Problem
Your task is to transcribe the data exactly while omitting each picture.
** Input data follows **
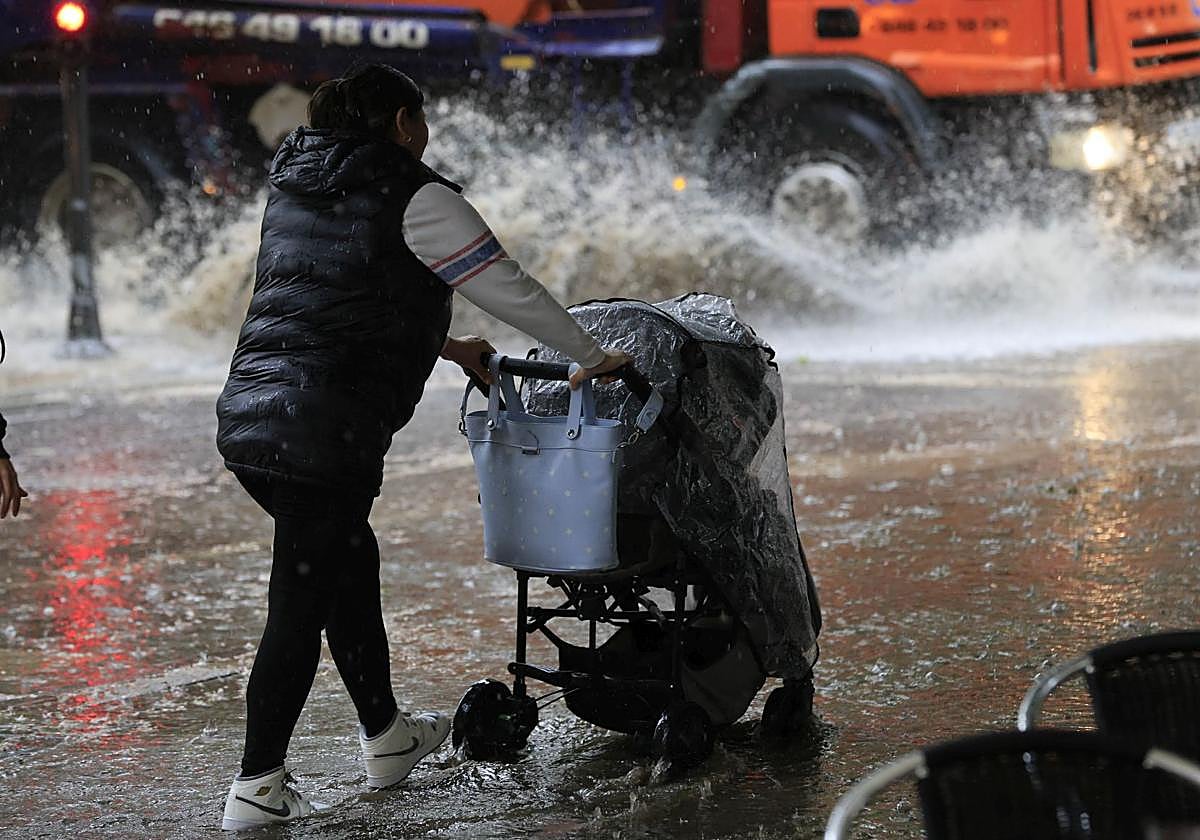 Una persona pasea con un carricoche de bebé en un día de fuerte lluvia en Salamanca.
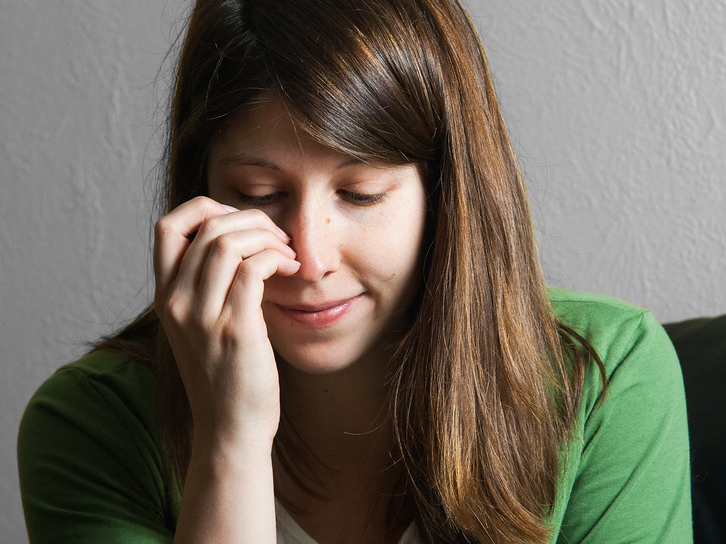 A woman scratches her nose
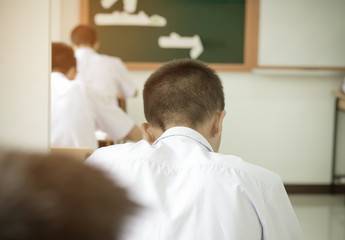 Asian boy students sittingl on wood desk with Exams paper sheet or test paper in class room, education concept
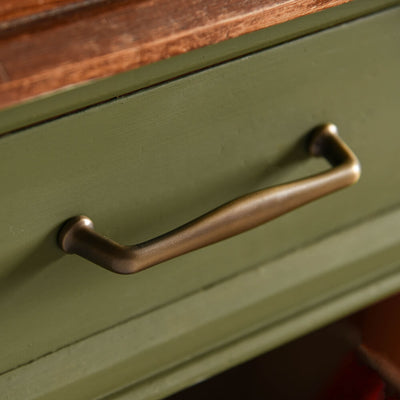 Distressed Antique Brass Elegance Pull Handle on green drawer seen on an angle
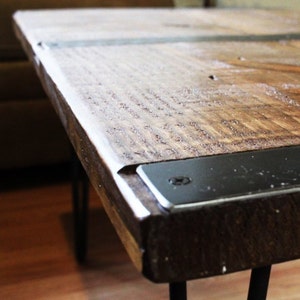 May include: A wooden coffee table with a dark brown finish and black metal accents. The table has a rustic look and is supported by hairpin legs.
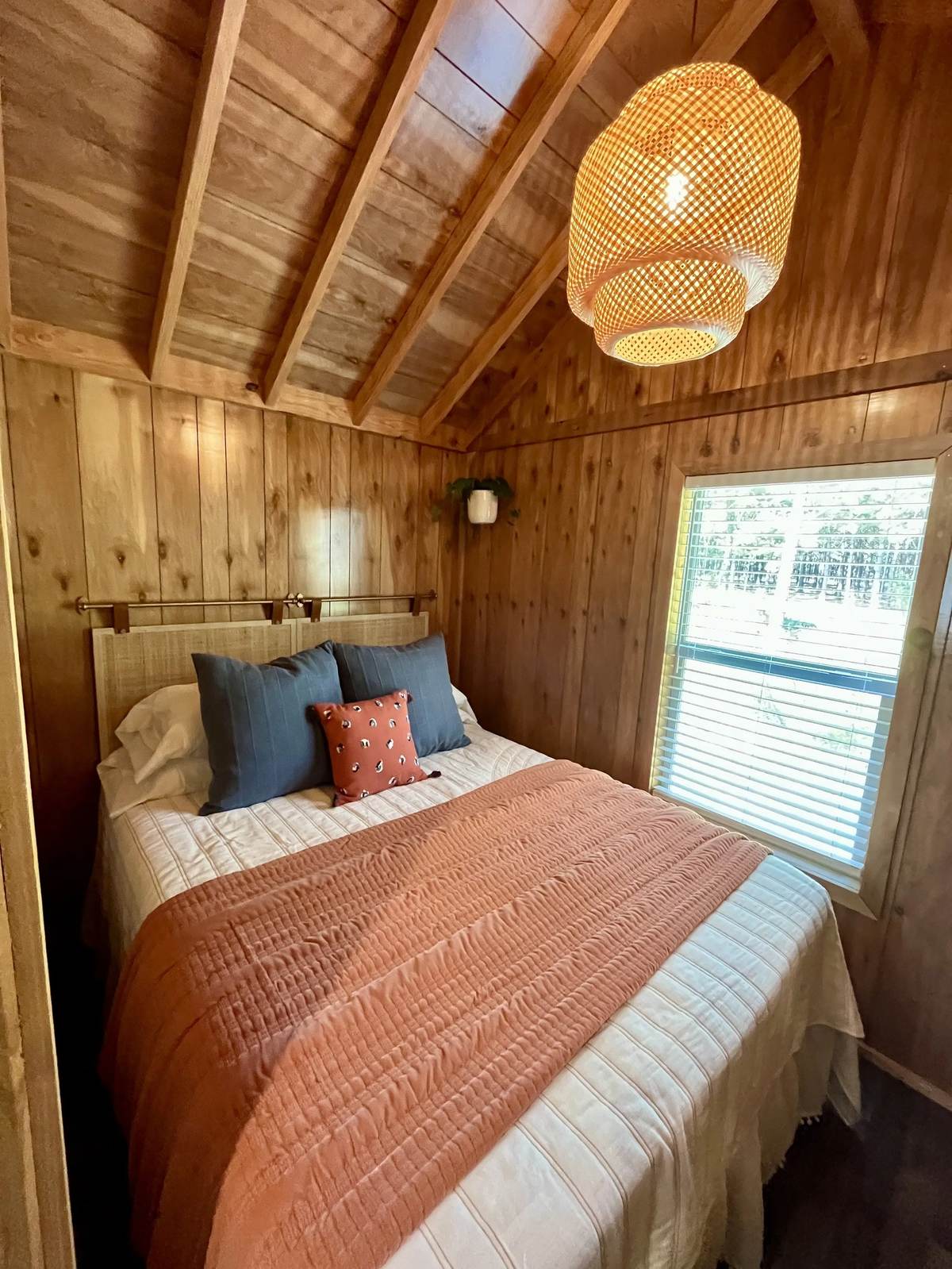 Inside a cedar-lined cabin with a vaulted ceiling and woven pendant light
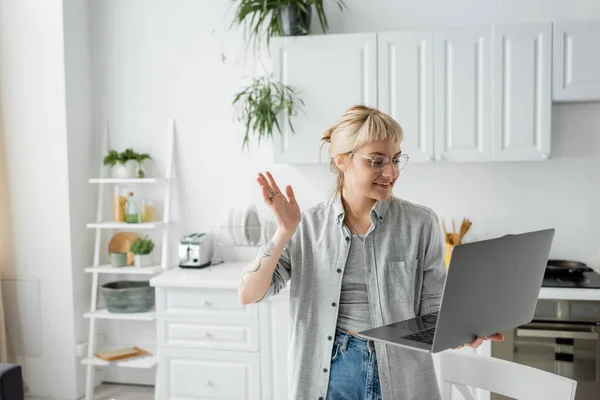 Happy young woman in eyeglasses, short hair and bangs holding laptop and waving hand during video call in white and modern kitchen, blurred background, remote lifestyle, freelancer — Stock Photo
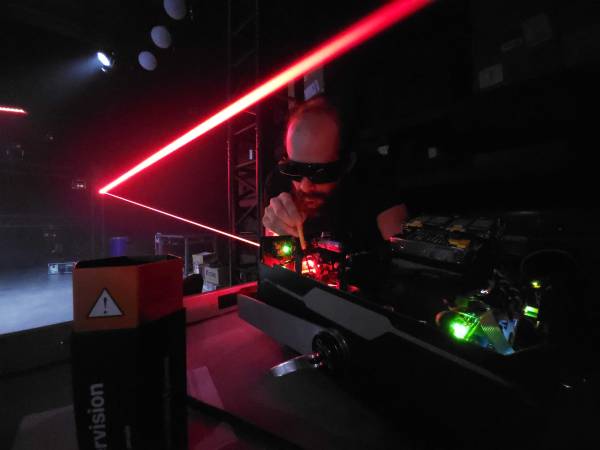 a technician looking at the inside of a laser, with safety goggles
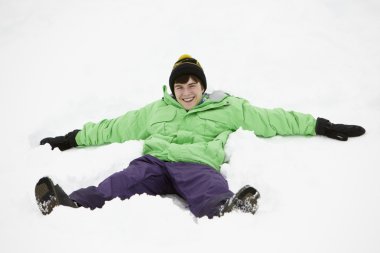 Teenage Boy Making Snow Angel On Slope clipart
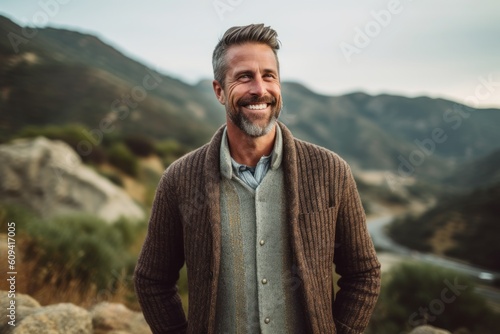 Portrait of smiling man looking at camera while standing on mountain road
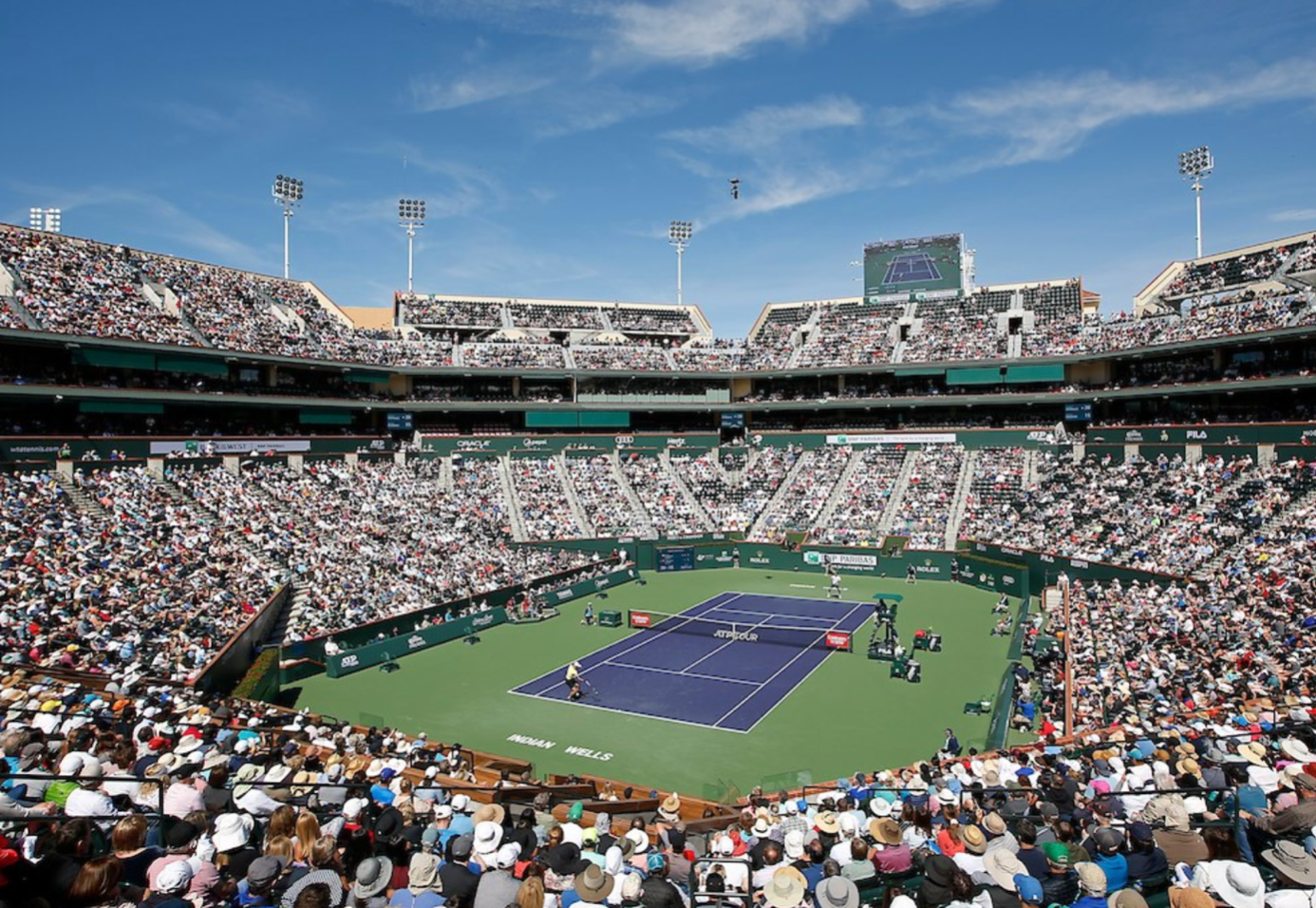 A crowded tennis stadium with players on a blue court under a clear blue sky, filled with spectators in wide-brimmed hats and caps.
** End of Input data **
Output of the exercise
 Una persona pasea con un carricoche de bebé en un día de fuerte lluvia en Salamanca.
 A woman scratches her nose
 Asian boy students sittingl on wood desk with Exams paper sheet or test paper in class room, education concept
 Distressed Antique Brass Elegance Pull Handle on green drawer seen on an angle
 May include: A wooden coffee table with a dark brown finish and black metal accents. The table has a rustic look and is supported by hairpin legs.
 Inside a cedar-lined cabin with a vaulted ceiling and woven pendant light
 Happy young woman in eyeglasses, short hair and bangs holding laptop and waving hand during video call in white and modern kitchen, blurred background, remote lifestyle, freelancer — Stock Photo
 a technician looking at the inside of a laser, with safety goggles
 Teenage Boy Making Snow Angel On Slope clipart
 Portrait of smiling man looking at camera while standing on mountain road
 A crowded tennis stadium with players on a blue court under a clear blue sky, filled with spectators in wide-brimmed hats and caps.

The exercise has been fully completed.